Start of THE DATA
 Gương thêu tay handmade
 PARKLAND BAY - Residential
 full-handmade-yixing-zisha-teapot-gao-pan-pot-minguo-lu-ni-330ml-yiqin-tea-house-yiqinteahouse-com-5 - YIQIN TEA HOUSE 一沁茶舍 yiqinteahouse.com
End of THE DATA
## PROBLEM TO WORK ON:
Retype all the data, changing nothing.

## ANSWER FOR THE TASK:
 Gương thêu tay handmade
 PARKLAND BAY - Residential
 full-handmade-yixing-zisha-teapot-gao-pan-pot-minguo-lu-ni-330ml-yiqin-tea-house-yiqinteahouse-com-5 - YIQIN TEA HOUSE 一沁茶舍 yiqinteahouse.com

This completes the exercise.